In der Türkei hingegen mehren sich die Fälle der Rückkehr in die ursprünglichen Kirchen. Schon immer gab es christenfreundliche Muslime, die ihnen anvertraute Kleinkinder beschnitten, mit Muslimnamen versehen und bis zur Volljährigkeit islamisch erzogen hatten. Dann aber brachten sie diese in eine christliche Umgebung und stellten sie dort mit einem Stammkapital auf die eigenen Füße. So geschehen z.B. mit Kindern eines ermordeten griechisch-orthodoxen Pfarrers, die 1943 dann der Pfarrgemeinde auf der Insel Prinkipos bei Istanbul anvertraut wurden. Dort entwickelte sich in den letzten Jahren eine Marienkirche am Goldenen Horn zur Anlaufstelle für „auftauchende“ Geheimchristen. Der inzwischen verstorbene Geistliche unterwies sie in allem Nötigen, nahm sie auch förmlich in die Kirche auf und schickte sie in andere Städte oder Länder weiter. In der Türkei ist die Abkehr vom Islam zwar nicht wie in anderen Muslimstaaten verboten. Doch setzen sich Konvertiten in ihrem Bekanntschaftskreis gesellschaftlicher Ächtung und oft sogar Gewalt aus.
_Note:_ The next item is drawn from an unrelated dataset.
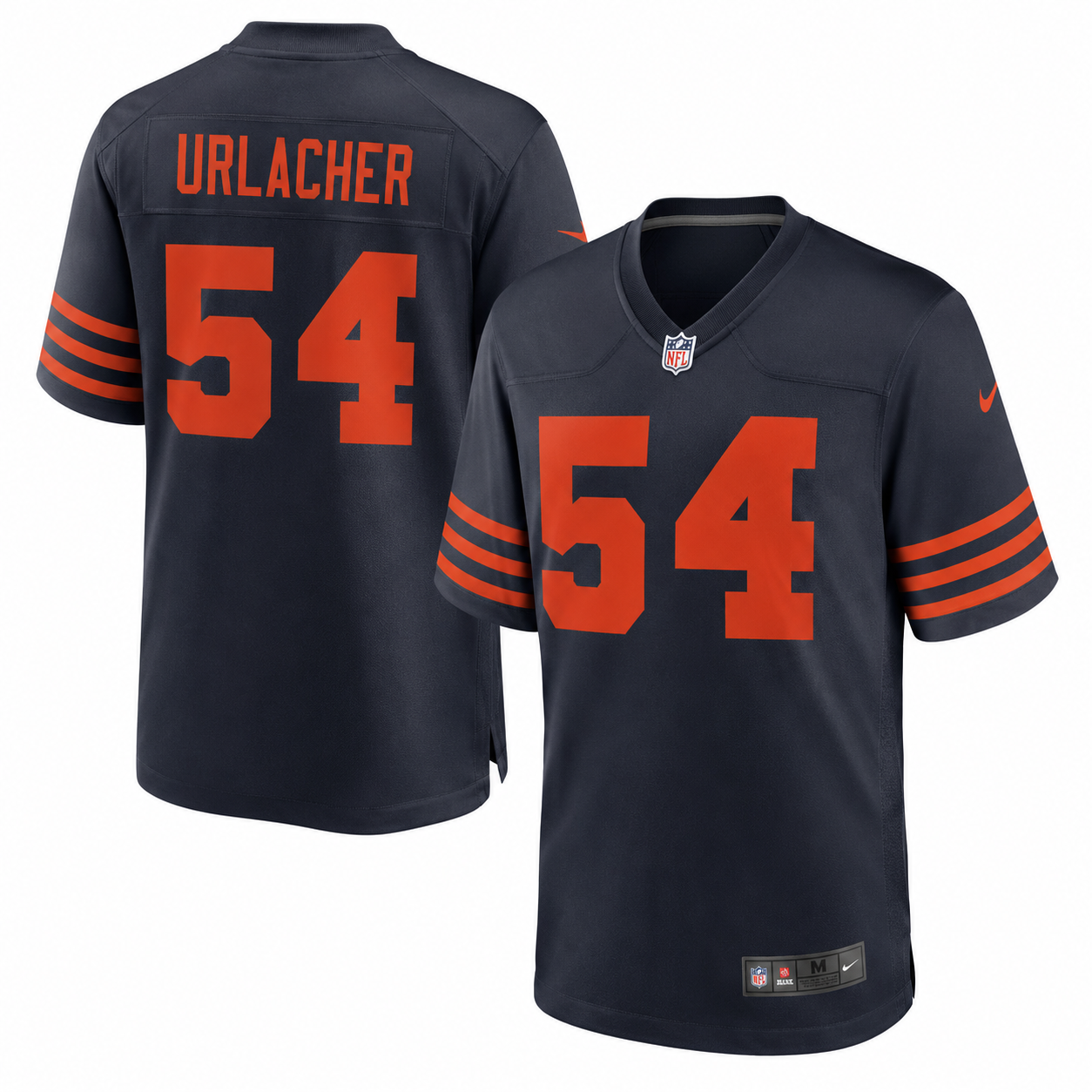 Brian Urlacher Youth Alternate 1940's Game Jersey Navy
Soweit die jüngere, vor bald hundert Jahren entstandene Gruppe türkischer Geheimchristen. Über die älteren von ihnen gibt die Tübinger Dissertation von Fotiadis Aufschluss: „Die Islamisierung Kleinasiens und die Kryptochristen des Pontos“ (1985). Sie finden sich seit den Anfängen des Osmanenreichs und sind zum ersten Mal ausdrücklich nach Eroberung der alten Konzilsstadt Nicäa (Isnik) durch Sultan Orhan I. 1330 erwähnt. Damals trat ein großer Teil der Bevölkerung äußerlich zum Islam über, hielt aber insgeheim am Christentum fest. 1338 und dann nochmals 1340 bestätigte ihnen der Ökumenische Patriarch Johannes Kalekas, weiter der Kirche anzugehören und des Ewigen Heils gewiss zu sein. Theologisch gerechtfertigt wurde ihre Verbindung von Moschee und Kirche mit dem Beispiel der Apostel und frühen Christen, zuerst in den Synagogen zu beten und darauf unter sich „das Brot zu brechen“.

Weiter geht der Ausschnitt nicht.